Things are looking up with Bugzilla. The last couple blockers landed finally over the holiday weekend, and it looks like we’ll finally have a release candidate for 2.18 by this coming weekend at the latest (it may happen sooner). All we’re waiting on now is for the release notes and announcements to get signed off on by the reviewers, which should happen over the next couple days.

Gerv and charts and Bugzilla 2.18

I received an SMS message yesterday from Gerv that he is in the hospital with appendicitis. A family member (or a friend?) has also posted a message in his blog saying that he’s in the hospital.

My family will be praying that he comes through it all okay.

Unfortunately, Gerv was the one working on one of the last bugs holding up the 2.18rc1 release of Bugzilla (bug 225687). His SMS message said “I may need a bit more time for that Series groups patch ;)”

We’re all hoping that Gerv gets the easy way out and only winds up in the hospital for a couple days.
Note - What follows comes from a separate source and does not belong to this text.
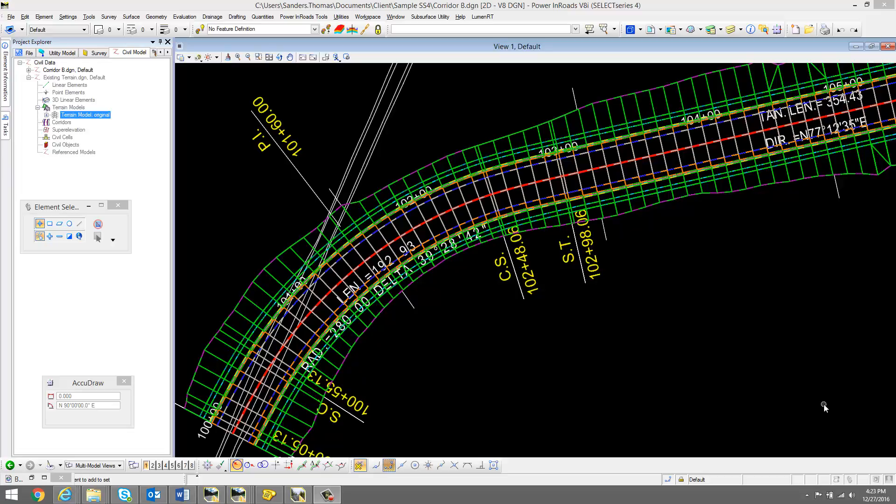If you have created a corridor based on a reference alignment and you edit that reference alignment, there's no need to recreate the corridor. Just simply reload.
But just to play it safe (2.18 is already very late), we’re going ahead with the backup plan (bug 243463) to just secure the whole chart system for now until the individual series permissions can be worked out. This may wind up being a good thing to have anyway, regardless of the individual series permissions. I can imagine companies who might not want the general public poking through the reporting tools, so it would help accomodate that as well.

We’ll still try to get the series permissions in before the final 2.18 release, but at least with the security implications dealt with, we can still get some widespread testing on the rest of the release candidate without having to wait for it.